# [Short web captions]
BEGIN

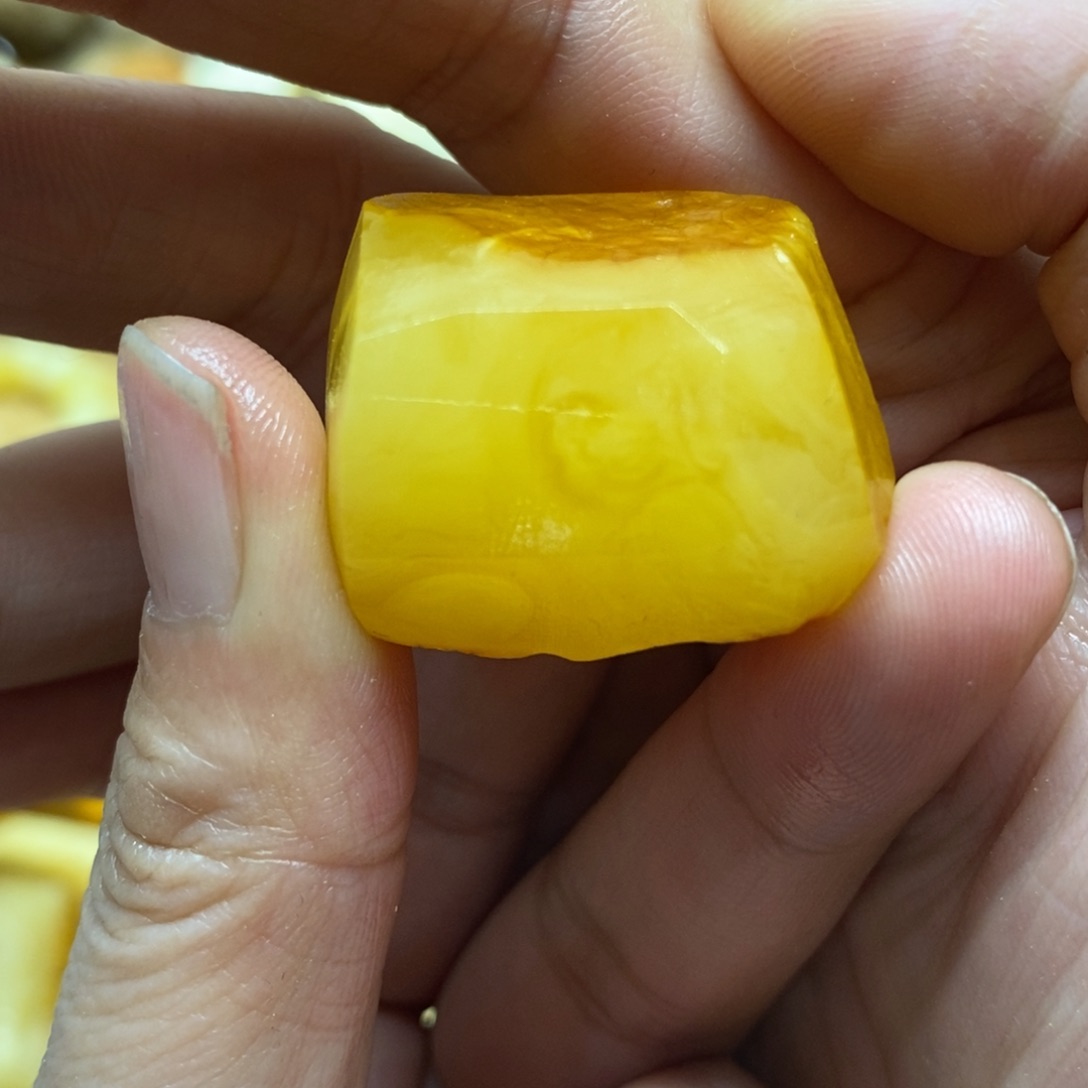 定制琥珀未镶嵌传世琥珀蜜蜡定制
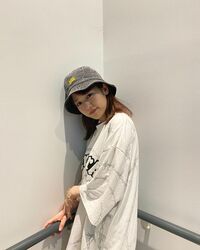 川口葵、バケットハットを被ったボーイッシュなコーデを披露 「帽子姿も可愛すぎ」とファン絶賛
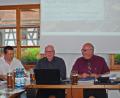 Bild: enz
Bernhard Kaltenecker vom Ing.-Büro Zwick (Bildmitte) legte ein Sanierungs- und Strukturkonzept für die Wasserversorgung vor. Rechts Bürgermeister Klaus Meyer und links Zweiter Bürgermeister Christian Hebert.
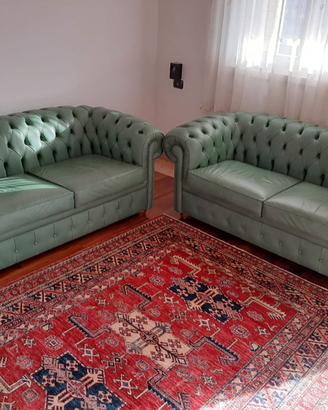 Due divani in pelle pieno fiore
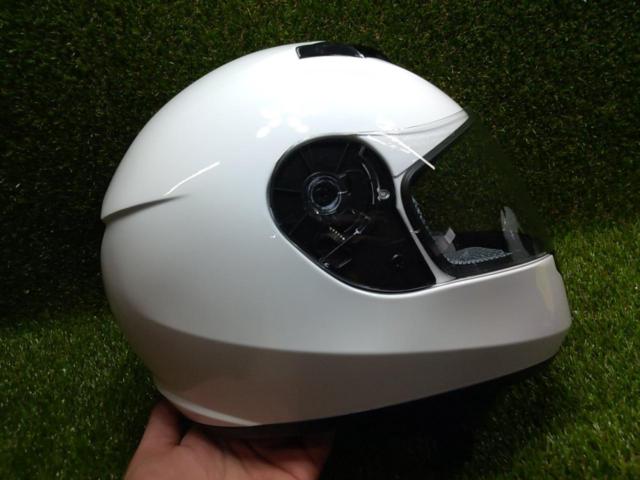 Lead Industries SF-12
Full-face helmet
Size: M (less 57-58cm)
white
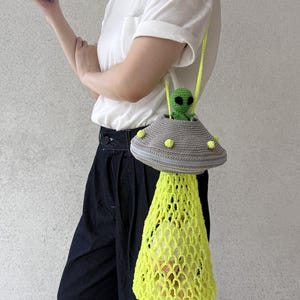 UFO Opvouwbare Net Tas Haakpatroon PDF | Herbruikbare Gehaakte Tas, Hangtas, Uniek Alien Tas Patroon, Alien amigurumi bedeltje, grappig patroon
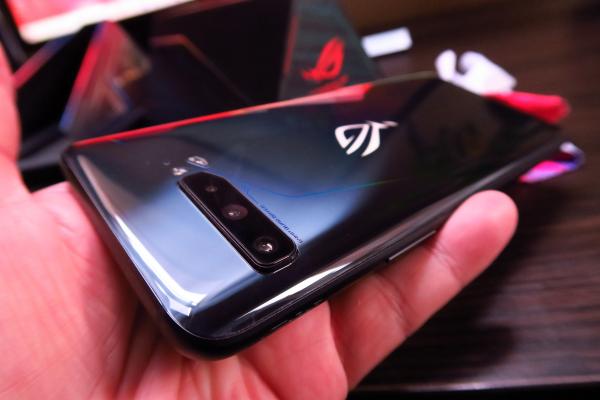 ASUS ROG Phone 3 Review; Cel mai bun telefon pentru gaming?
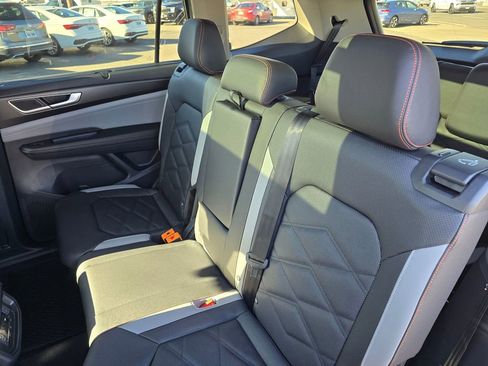 New 2026 Volkswagen Atlas Peak Edition image 19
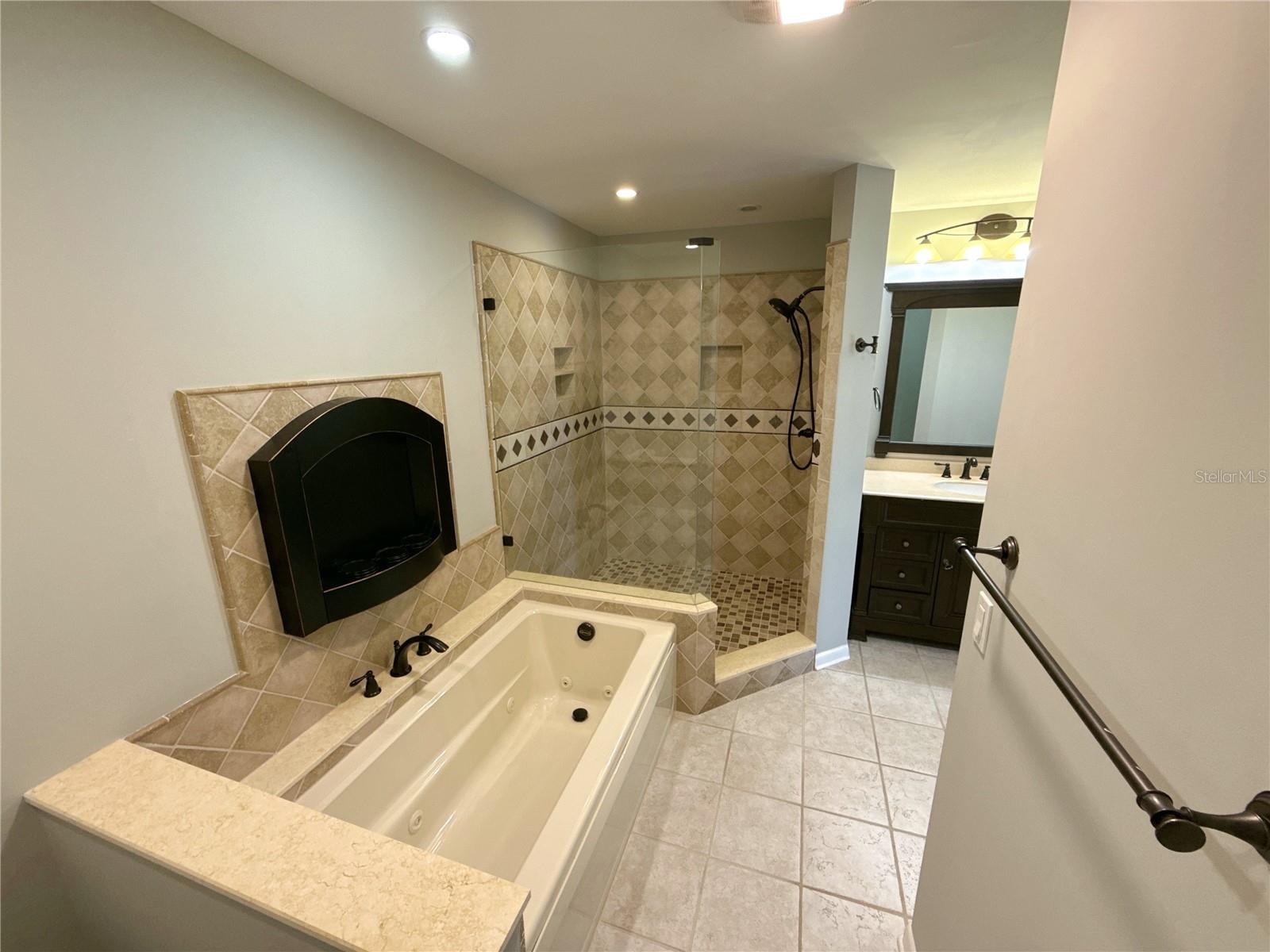 13516 PALMWOOD LN, TAMPA, FL — photo 32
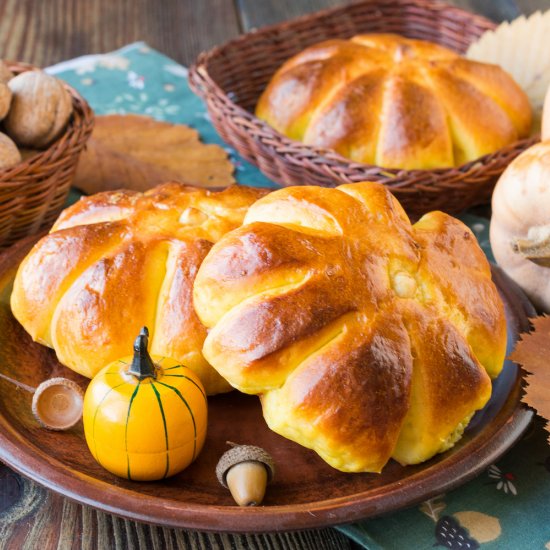 The Best Yeast Rolls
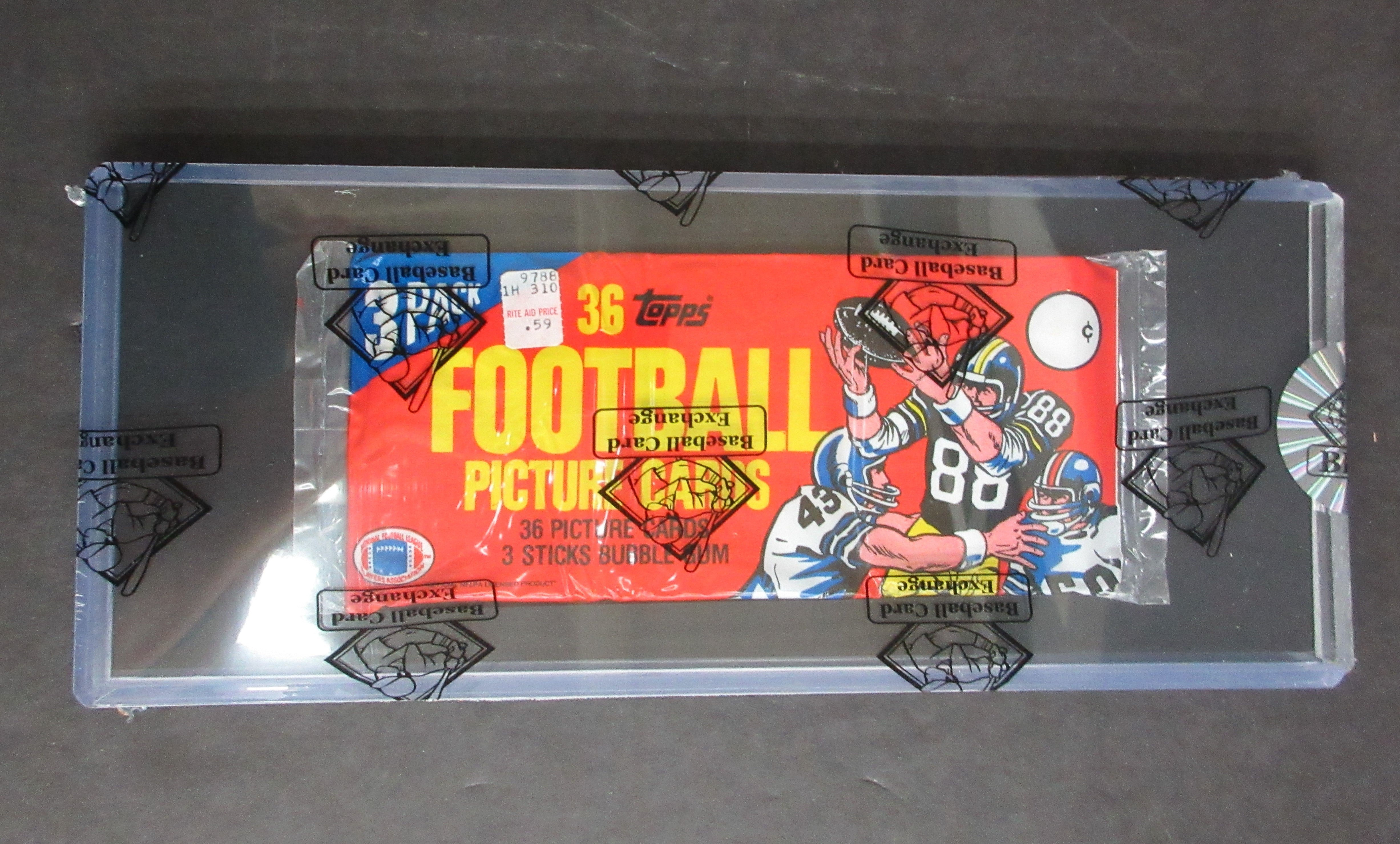 1982 Topps Football Unopened Grocery Rack Pack (BBCE) (L. Taylor Back)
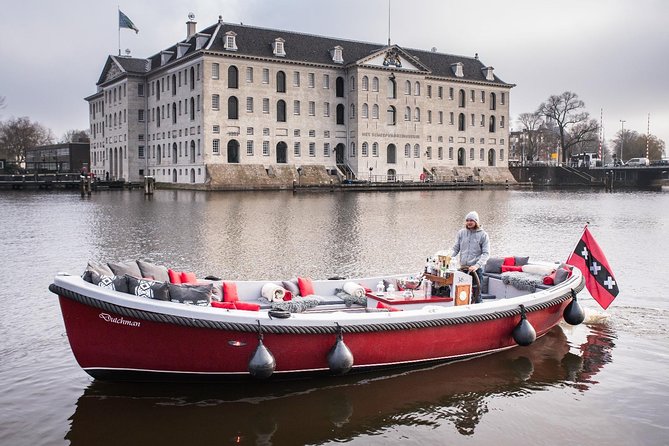 Amsterdam Light Festival: Saloon Boat Cruise + Hot Drinks & Bite - Who will enjoy this cruise most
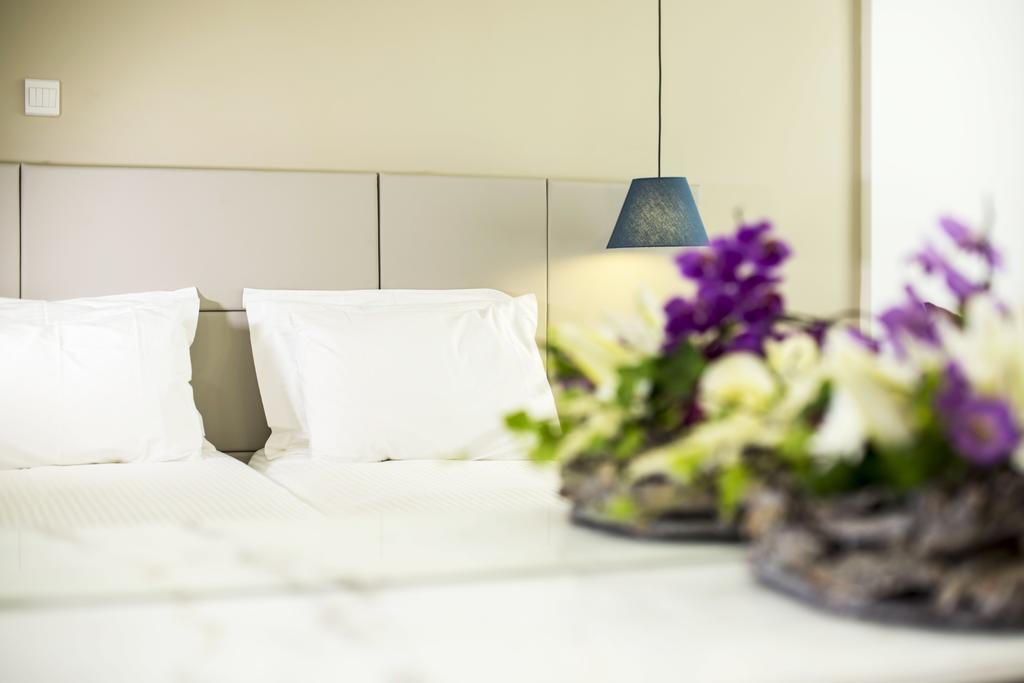 Superior Room Side Sea View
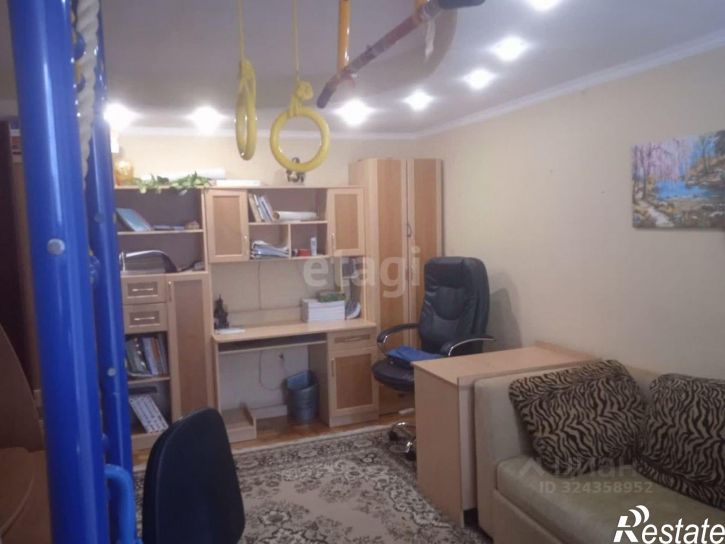 3-комн квартира улица Адмиральского, 2,  д. 2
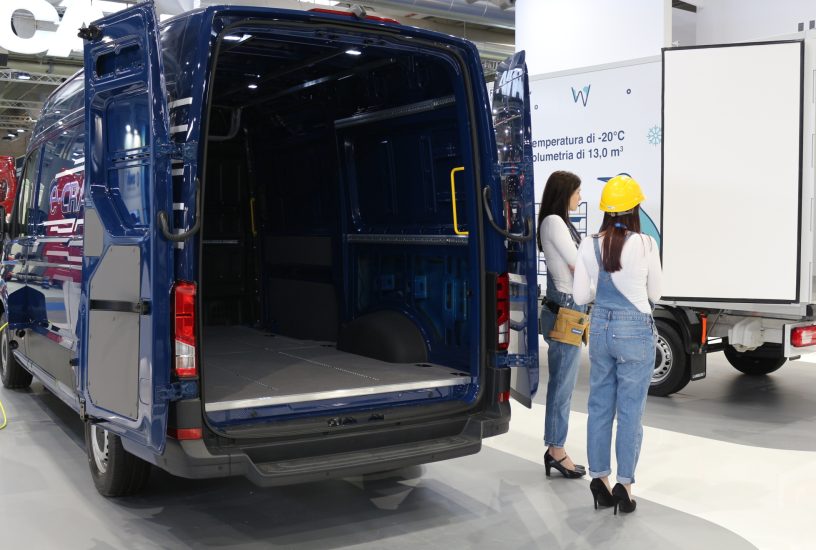 Volkswagen e-Crafter Transpotec 2019 tre quarti posteriore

END

# [What is needed]
Your task is to retype the lines running from the one that contains "Superior Room Side Sea View" through the end of the records, and nothing else. Pictures are not part of the copy.

# [Written response]
 Superior Room Side Sea View
 3-комн квартира улица Адмиральского, 2,  д. 2
 Volkswagen e-Crafter Transpotec 2019 tre quarti posteriore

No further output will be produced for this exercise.